» **DATASET CONTENT**:
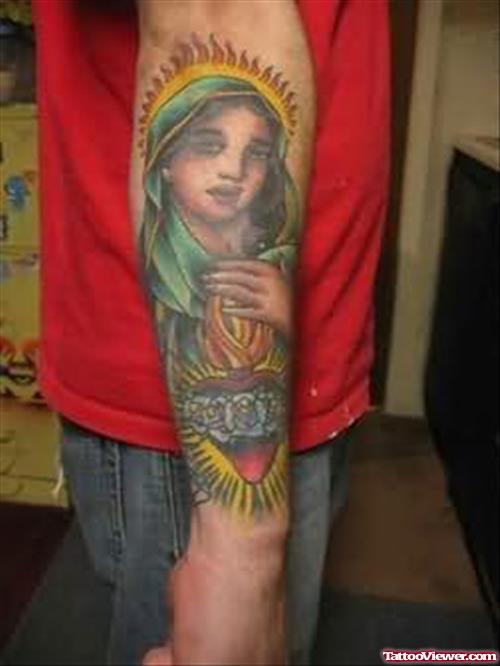 Jesus-Mary Face Tattoo On Arm
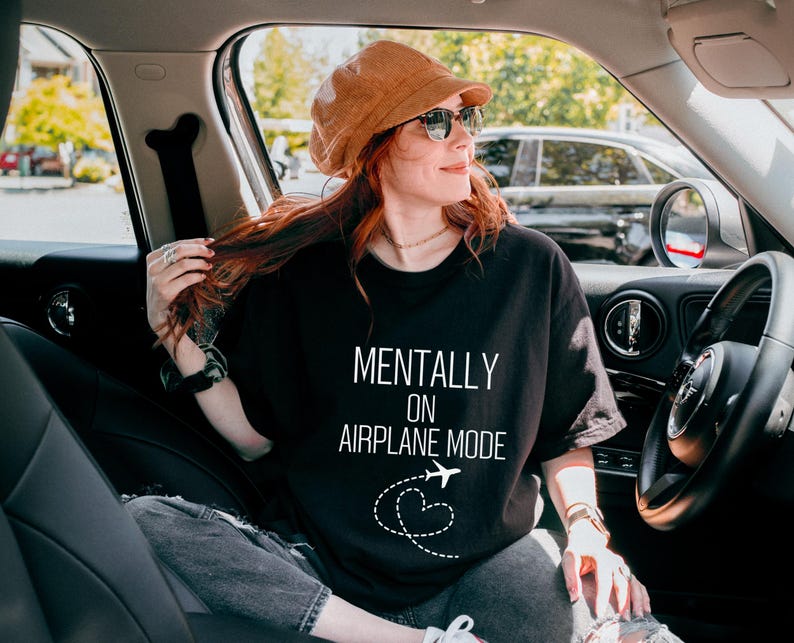 May include: Black t-shirt with the text "MENTALLY ON AIRPLANE MODE" in white, featuring an airplane and heart graphic. The person in the image is wearing a brown corduroy hat and sunglasses, seated in a car.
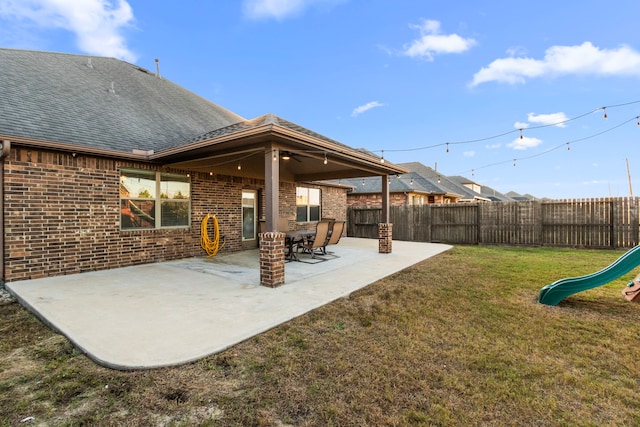 view of yard with a patio and a playground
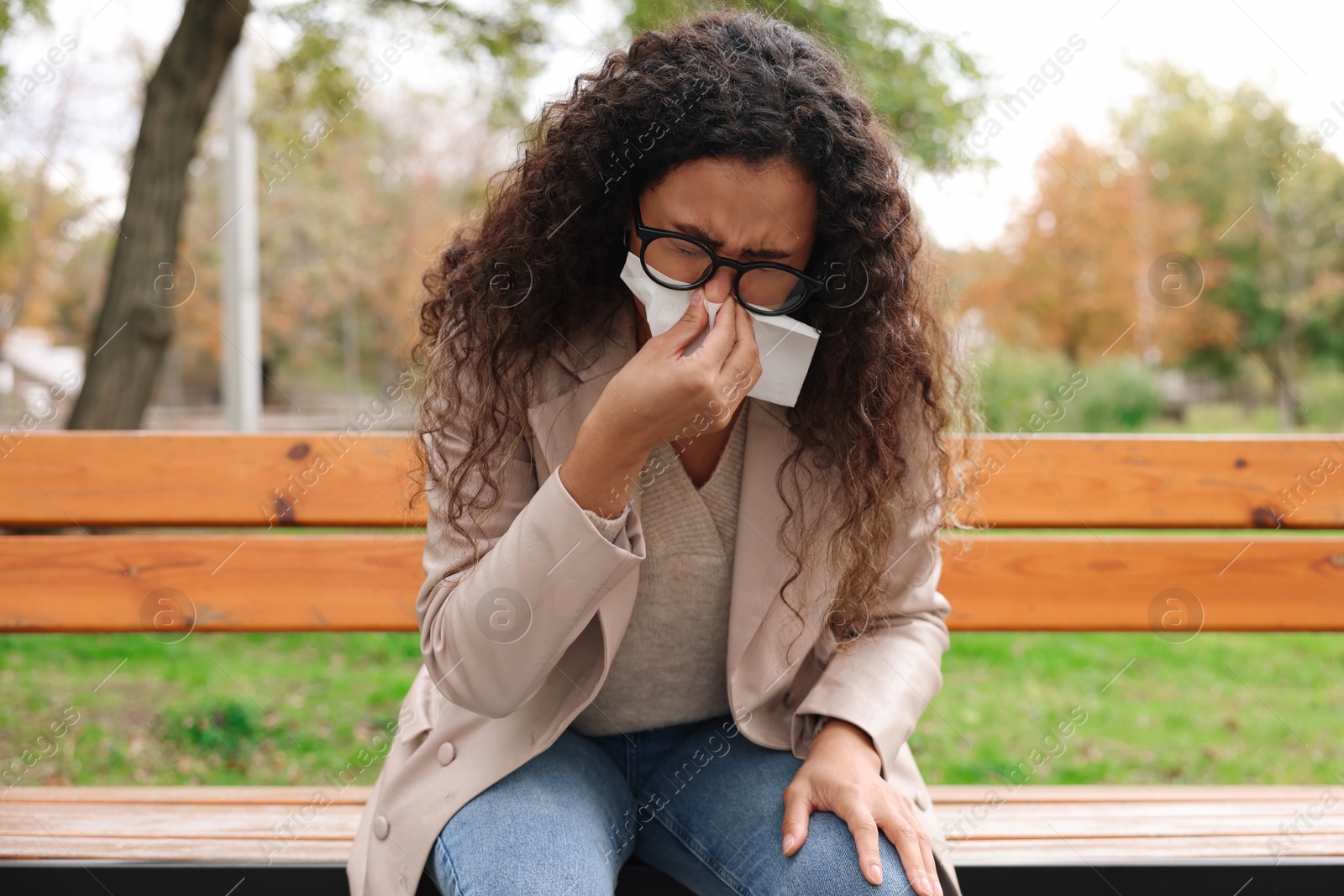 Photo of Young woman with runny nose in park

» **TASK PROMPT**:
Verbatim output, no pictures: the line holding "May include: Black" and all lines after it through the last line of the material, with nothing else.

» **OUTPUT OF THE EXERCISE**:
 May include: Black t-shirt with the text "MENTALLY ON AIRPLANE MODE" in white, featuring an airplane and heart graphic. The person in the image is wearing a brown corduroy hat and sunglasses, seated in a car.
 view of yard with a patio and a playground
 Photo of Young woman with runny nose in park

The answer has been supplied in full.